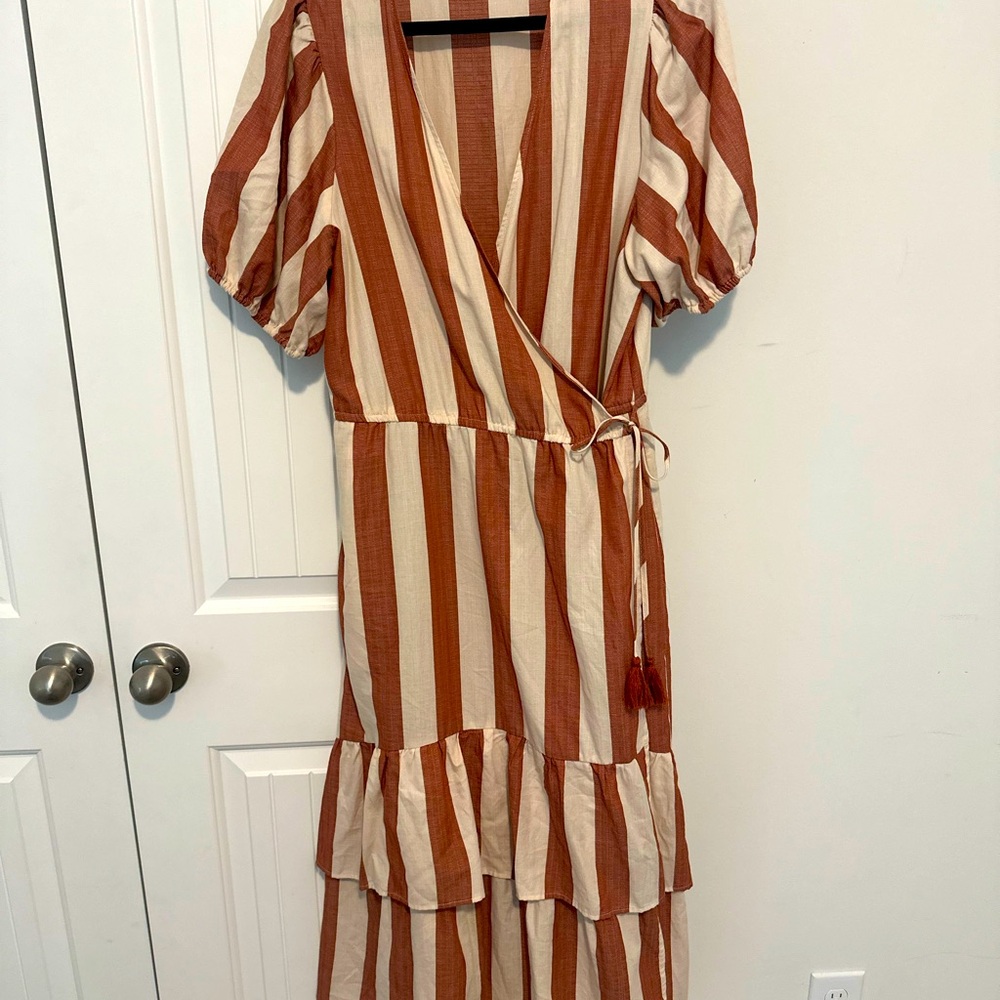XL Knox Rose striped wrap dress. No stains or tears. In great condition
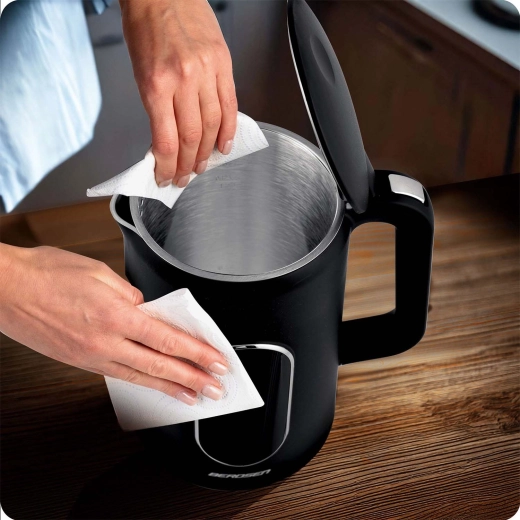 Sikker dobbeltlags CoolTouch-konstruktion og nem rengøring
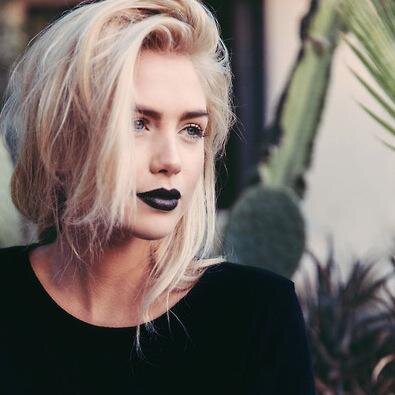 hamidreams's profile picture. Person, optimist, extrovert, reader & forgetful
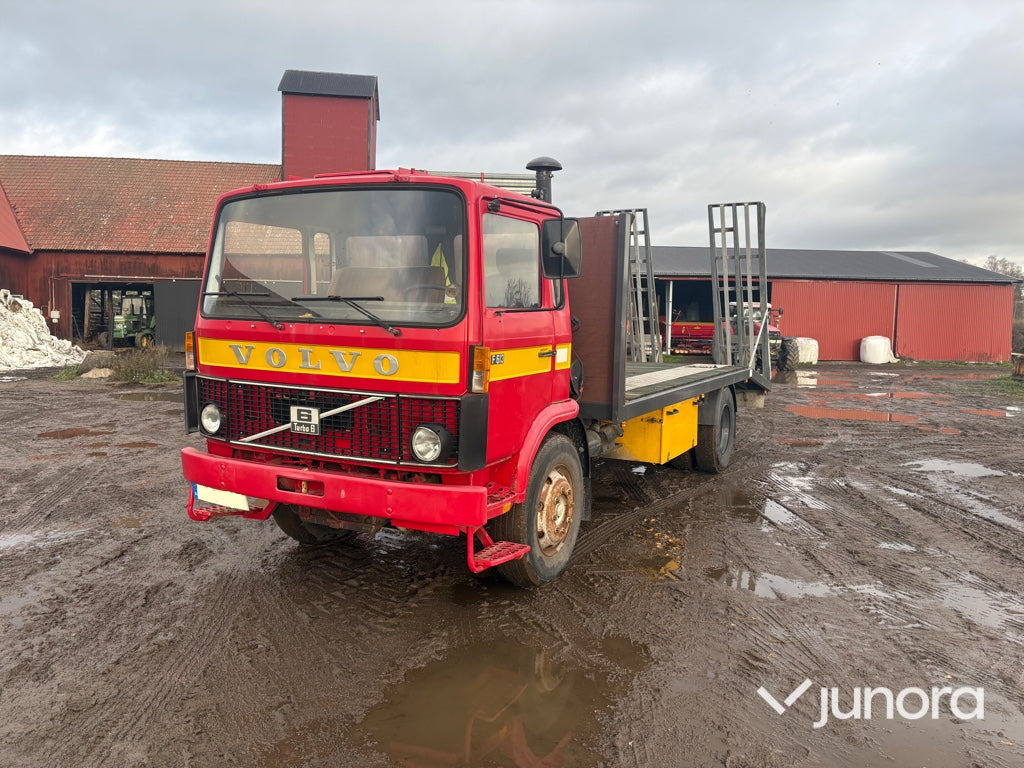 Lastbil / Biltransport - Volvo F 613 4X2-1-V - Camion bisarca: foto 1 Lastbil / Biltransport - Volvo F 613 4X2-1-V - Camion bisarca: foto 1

▶ WORK REQUIRED:
The listing above should be returned word for word, with pictures omitted.

▶ TASK RESULT:
XL Knox Rose striped wrap dress. No stains or tears. In great condition
 Sikker dobbeltlags CoolTouch-konstruktion og nem rengøring
 hamidreams's profile picture. Person, optimist, extrovert, reader & forgetful
 Lastbil / Biltransport - Volvo F 613 4X2-1-V - Camion bisarca: foto 1 Lastbil / Biltransport - Volvo F 613 4X2-1-V - Camion bisarca: foto 1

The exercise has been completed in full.